37 Things That Happen To You When Your Phone Dies
You think you can survive without it, but let’s face it, you can’t.
First world problems over here, my phone died last night… and I’m talking died.
Black screen, battery died to 1%, turned off and I was never able to resuscitate it.
Imagine, it’s 6pm, you just get home from work.
All you wanted to do was drink a wine cube (yep, a real, delicious thing), and watch the finale of ‘Grey’s Anatomy,’ but no.
Now you are phoneless and realizing that it’s a pretty big deal.
Then the thoughts come flooding in:
- Hey, this isn’t so bad, I can just watch this show completely uninterrupted.
- But, um, then what?
- How will text my mom after something stressful happens on the show?
- What if I die and I need to call 911?
- No one will know until tomorrow.
- Thank God for my computer, let’s see if can help me on Facebook.
- All of the places are closed or closing in like 20 minutes.
- I think I really need my phone.
- What about that guy in that app? He’ll think I didn’t want to talk anymore.
- OMG HOW WILL I WAKE UP FOR WORK.
- So basically, I need a new phone or an alarm clock before I go to bed.
- Why did my cell phone provider just tell my mom they sent their techs home early, is this really happening?
- Forget it, wine and ‘Grey’s,’ I have to figure this out.
- Target? Target will solve all of my problems, right?
- So I’m at Target… it’s 8:30 and my phone still won’t boot up.
- Can I get a new phone?
- Just hanging at Target with Bennett, the phone guy, trying all of the things to get this phone to work or get a new phone.
- It’s 9:00…
- Poor Target guy, I think he thought I would leave if it didn’t work in ten minutes.
- Excuse me, if I’m not getting a phone, can you show me where the alarm clocks are?
- How do we shut off ‘Find my iPhone,’ when we can’t turn it on?

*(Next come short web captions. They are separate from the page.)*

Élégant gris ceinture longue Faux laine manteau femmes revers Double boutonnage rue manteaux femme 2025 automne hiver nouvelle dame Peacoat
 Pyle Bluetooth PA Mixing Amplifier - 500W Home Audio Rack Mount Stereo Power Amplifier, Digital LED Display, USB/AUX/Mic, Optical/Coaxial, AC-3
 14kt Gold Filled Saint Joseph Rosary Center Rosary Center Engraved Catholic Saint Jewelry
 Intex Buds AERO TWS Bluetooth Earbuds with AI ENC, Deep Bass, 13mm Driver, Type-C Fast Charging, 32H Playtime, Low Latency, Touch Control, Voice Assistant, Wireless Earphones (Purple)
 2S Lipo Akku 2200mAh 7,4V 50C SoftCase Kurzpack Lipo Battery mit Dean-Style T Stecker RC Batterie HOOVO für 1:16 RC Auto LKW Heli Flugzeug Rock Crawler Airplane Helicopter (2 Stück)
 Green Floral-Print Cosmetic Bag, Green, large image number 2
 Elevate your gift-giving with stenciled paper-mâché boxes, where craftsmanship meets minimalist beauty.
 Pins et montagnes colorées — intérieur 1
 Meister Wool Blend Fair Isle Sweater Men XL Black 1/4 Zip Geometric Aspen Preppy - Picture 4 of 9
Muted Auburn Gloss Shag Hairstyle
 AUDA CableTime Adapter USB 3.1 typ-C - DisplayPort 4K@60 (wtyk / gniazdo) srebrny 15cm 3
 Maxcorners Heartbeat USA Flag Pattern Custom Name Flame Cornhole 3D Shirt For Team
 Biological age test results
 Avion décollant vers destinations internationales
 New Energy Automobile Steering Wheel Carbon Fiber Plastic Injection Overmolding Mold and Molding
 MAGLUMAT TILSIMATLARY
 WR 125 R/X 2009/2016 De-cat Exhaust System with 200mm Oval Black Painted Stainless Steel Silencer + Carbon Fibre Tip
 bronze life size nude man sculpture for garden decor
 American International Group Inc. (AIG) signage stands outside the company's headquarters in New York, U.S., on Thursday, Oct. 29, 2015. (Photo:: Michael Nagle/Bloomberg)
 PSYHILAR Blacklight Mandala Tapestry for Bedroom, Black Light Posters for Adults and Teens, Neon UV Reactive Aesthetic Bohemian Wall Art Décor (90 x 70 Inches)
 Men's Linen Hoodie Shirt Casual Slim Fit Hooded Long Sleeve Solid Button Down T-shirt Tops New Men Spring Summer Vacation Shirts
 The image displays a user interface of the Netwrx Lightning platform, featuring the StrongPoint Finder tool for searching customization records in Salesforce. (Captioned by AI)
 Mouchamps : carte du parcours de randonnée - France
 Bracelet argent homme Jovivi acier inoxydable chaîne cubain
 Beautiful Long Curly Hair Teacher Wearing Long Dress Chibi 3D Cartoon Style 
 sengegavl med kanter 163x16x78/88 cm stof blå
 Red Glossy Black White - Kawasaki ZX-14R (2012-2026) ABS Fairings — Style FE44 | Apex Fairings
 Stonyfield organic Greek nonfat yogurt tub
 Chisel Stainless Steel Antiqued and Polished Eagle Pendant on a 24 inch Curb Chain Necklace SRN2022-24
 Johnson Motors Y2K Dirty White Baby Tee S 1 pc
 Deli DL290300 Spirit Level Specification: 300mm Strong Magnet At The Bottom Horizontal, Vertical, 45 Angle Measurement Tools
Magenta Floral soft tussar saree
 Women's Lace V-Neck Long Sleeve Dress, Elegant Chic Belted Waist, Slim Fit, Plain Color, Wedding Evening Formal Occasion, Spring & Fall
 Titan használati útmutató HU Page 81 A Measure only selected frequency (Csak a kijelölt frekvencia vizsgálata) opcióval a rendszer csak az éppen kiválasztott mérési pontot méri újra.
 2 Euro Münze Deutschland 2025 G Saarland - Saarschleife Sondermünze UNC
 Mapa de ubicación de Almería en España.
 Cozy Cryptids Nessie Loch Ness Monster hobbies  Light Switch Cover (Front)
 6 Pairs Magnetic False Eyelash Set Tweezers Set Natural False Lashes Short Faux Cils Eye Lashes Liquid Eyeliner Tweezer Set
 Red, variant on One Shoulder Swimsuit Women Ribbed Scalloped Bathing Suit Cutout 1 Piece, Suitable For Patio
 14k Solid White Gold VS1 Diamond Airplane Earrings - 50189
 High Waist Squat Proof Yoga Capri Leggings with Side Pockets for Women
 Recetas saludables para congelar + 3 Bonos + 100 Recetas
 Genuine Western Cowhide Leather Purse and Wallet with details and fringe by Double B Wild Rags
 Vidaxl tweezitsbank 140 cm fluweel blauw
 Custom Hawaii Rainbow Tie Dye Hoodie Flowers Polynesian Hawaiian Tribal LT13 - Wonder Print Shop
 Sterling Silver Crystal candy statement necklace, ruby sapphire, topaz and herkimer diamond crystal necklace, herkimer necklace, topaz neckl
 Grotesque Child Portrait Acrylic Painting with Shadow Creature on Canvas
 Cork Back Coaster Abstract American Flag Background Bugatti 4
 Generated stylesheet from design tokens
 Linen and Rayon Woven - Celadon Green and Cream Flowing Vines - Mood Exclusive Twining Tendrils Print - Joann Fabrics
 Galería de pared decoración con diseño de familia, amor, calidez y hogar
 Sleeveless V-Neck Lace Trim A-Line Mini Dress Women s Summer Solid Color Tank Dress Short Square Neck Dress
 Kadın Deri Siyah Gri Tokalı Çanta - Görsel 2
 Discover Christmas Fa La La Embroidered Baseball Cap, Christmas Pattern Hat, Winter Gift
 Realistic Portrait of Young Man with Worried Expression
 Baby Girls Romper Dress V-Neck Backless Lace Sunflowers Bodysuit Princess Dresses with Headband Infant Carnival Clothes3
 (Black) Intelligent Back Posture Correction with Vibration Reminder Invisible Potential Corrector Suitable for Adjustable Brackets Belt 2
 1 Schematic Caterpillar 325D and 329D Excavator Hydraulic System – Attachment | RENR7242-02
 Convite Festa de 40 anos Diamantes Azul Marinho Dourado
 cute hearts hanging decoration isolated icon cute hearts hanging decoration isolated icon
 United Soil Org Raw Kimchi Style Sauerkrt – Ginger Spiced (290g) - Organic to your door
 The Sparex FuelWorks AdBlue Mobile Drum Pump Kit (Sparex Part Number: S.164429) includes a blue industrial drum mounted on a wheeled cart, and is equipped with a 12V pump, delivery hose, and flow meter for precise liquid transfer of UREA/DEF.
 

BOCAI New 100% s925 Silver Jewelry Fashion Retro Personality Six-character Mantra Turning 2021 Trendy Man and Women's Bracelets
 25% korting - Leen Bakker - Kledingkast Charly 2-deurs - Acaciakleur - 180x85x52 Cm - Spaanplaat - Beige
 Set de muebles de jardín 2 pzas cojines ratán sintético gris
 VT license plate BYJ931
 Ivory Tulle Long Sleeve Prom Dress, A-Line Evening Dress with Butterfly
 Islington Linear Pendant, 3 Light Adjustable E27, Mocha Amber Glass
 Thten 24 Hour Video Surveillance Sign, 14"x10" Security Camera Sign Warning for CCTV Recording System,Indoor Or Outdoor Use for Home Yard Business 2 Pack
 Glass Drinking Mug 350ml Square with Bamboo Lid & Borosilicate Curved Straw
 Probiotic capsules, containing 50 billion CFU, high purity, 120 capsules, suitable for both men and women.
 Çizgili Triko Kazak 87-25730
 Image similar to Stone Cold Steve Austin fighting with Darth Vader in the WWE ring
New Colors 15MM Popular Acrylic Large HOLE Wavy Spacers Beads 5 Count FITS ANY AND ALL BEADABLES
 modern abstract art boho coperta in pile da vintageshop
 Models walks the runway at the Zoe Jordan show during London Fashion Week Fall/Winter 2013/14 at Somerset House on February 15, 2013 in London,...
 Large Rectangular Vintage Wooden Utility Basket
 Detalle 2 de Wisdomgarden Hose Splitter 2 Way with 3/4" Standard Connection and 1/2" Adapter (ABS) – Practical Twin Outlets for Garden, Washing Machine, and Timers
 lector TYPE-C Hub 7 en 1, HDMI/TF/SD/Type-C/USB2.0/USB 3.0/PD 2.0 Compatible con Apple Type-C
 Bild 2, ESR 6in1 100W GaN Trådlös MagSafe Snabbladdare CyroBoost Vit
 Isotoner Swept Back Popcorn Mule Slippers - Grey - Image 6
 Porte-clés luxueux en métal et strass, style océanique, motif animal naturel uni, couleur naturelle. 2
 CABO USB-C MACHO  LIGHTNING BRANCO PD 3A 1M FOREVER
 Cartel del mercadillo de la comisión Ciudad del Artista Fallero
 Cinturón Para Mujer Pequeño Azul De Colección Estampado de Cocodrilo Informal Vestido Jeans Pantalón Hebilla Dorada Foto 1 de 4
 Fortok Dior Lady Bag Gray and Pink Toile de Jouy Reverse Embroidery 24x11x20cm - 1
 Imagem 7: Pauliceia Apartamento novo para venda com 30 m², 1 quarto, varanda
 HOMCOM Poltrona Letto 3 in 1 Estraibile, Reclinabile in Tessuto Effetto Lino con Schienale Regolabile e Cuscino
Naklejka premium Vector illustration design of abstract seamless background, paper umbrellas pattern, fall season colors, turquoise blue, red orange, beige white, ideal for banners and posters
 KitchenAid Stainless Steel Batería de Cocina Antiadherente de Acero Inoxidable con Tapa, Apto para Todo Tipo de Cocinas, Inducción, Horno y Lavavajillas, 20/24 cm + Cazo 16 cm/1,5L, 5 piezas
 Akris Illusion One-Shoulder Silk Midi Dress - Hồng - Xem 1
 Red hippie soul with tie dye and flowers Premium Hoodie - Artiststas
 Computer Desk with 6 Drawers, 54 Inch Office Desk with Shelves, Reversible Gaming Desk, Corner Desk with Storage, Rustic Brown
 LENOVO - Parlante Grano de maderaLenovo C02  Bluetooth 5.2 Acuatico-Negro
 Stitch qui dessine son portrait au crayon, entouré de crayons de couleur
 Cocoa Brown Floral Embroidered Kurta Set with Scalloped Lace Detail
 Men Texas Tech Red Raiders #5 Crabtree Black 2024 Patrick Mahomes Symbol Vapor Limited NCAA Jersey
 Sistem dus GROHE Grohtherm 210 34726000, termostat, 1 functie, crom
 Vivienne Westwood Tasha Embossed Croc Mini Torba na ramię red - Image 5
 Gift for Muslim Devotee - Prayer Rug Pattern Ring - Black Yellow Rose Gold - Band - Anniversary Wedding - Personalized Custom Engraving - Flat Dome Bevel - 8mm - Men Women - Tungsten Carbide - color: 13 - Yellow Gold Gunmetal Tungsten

- We need a computer? I happen to have one with me…don’t ask…
- Ok, you can ask.
- I brought it with me in case I needed to contact someone in case I die.
- It’s 9:22.
- You’re telling me if I can’t get a new phone, I can get this SIM card phone thing? But the only one that works with iPhones is $150.
- Yeah, I’m broke so…
- OMG IT IS VALIDATED!!!
- Now my amazing new friend in the black Target shirt is literally running to the back of the store to find me my new phone.
- He’s back, he’s panting. Can I tip him?
- And now he’s running again to get more paper for his printer
- BECAUSE THE STORE IS CLOSING.
- Yep, there’s that voice in the speaker, telling me Target is closing.
- Have I ever closed down Target before?
- Surprisingly, no.
- I think I might cry I’m so happy right now.
- Seriously, can you tip the Target electronics guy? I feel like I should send him a cookie or something.
And ladies and gentlemen, I have a new phone.
As of 10 p.m., when Target was closing, after four different places couldn’t help me.
For years, I’ve been saying Target is my life saver, but I really think that’s the truth now. Bennett from the Machesney Park store, you rock.